President Dr Irfaan Ali said he had already spoken to officials at the Guyana Sugar Corporation (GuySuCo) to deal with the shortage, especially for consumers on the West Coast Demerara Region 9.
He said at least 2,000 bags of sugar are being made consumers at the Uitvlugt sugar estate.
“What we will do is that ensure that Guyana Marketing Corporation secure a lot of that…so they can help in the distribution so there is no price gouging,” Ali said.
He told reporters on the side-lines of an event here on Tuesday that the increase in price for goods and services is due mainly to the global supply chain issues, coupled with the constant increase in the price of fuel on the world market.
But he said that his administration has implemented several initiatives to cushion the effects of rising fuel prices.
“We have been doing well managing it. The government has removed everything. We removed all the taxes from fuel. When people compared other countries that is adjusting it for a timeframe, we have removed it completely, there is nothing, absolutely nothing,” Ali said.
Meanwhile, Agriculture Minister, Zulfikar Mustapha said that the Uitvlugt Sugar Estate will provide the GMC with 1,800 bags of sugar and almost 1,500 one-kilogram packaged sugar to start the delivery on Wednesday.
“We have taken a new decision that the new GMC will, from today, go around the country to ensure the sugar is circulated to various stakeholders,” he said, assuring consumers that there is enough sugar to supply the local population.
“There is no shortage of sugar in Guyana, the country has enough sugar for local consumption. As a matter of fact, I understand from GuySuCo that some people are hoarding the sugar,” Mustapha added.
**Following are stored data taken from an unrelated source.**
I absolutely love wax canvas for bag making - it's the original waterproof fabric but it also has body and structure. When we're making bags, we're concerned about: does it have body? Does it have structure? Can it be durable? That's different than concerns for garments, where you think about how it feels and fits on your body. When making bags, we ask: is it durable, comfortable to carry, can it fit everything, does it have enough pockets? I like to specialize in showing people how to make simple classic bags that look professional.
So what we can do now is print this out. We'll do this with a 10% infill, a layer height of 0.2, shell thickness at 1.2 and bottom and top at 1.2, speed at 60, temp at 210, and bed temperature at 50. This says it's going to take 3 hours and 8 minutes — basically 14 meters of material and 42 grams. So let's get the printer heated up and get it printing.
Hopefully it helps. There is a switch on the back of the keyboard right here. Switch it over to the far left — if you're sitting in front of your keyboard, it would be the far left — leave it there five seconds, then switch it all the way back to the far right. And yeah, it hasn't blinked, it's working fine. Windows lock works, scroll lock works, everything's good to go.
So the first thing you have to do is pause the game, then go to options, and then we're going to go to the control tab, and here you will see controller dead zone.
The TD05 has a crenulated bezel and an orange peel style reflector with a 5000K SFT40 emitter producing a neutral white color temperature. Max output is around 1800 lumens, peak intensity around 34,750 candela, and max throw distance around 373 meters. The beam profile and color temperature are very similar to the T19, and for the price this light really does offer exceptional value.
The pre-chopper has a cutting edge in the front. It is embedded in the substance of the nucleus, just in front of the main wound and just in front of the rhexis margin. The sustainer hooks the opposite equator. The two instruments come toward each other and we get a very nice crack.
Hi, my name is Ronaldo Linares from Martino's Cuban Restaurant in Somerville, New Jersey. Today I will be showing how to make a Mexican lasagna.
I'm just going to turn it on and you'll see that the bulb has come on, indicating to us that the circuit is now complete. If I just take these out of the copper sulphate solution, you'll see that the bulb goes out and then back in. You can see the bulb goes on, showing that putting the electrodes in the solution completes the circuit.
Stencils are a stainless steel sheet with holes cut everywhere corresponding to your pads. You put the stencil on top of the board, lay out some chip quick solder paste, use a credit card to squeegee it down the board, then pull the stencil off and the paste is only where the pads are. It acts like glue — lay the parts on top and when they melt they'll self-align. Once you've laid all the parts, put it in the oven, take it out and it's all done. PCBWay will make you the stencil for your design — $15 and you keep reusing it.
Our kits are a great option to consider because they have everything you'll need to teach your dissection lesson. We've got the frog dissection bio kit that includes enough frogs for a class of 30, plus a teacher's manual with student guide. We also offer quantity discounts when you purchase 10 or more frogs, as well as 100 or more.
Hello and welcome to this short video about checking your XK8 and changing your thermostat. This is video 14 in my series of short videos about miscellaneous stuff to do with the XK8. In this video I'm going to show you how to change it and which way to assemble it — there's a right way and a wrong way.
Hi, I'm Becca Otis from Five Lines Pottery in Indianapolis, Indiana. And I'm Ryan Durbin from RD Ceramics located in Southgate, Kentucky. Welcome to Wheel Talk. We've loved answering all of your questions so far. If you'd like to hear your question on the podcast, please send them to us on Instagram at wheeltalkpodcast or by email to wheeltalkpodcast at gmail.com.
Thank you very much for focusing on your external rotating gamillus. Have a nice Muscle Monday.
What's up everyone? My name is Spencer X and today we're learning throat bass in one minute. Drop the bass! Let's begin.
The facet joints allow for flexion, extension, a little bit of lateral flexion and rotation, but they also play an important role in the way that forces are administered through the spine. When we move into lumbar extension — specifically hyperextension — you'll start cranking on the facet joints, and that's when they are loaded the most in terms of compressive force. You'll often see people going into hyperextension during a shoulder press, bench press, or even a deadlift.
He said that the sugar industry is in for a significant boost, noting that the Blairmont and Uitvlugt sugar factories have started producing, while the Albion Estate will begin shortly.
“So, there is no scarcity of sugar now and there will be no scarcity in the future. But it seems as though some people want to create artificial shortages, that is why the president has instructed me that I put systems in place, so that the sugar can reach to the consumers at an affordable cost,” Mustapha said.
Mustapha said that government’s aggressive push to return GuySuCo to a break-even point has, and will never end, until the mission is accomplished.
“…but as we are doing that, we are seeing that the weather condition is very bad. We have suffered flood last year, one of the worst floods in the history of our country. One of the major sugar estates in the country, Albion; almost 50 per cent of the cane had died there, and that has put a tremendous blow in terms of producing sugar,” the minister explained.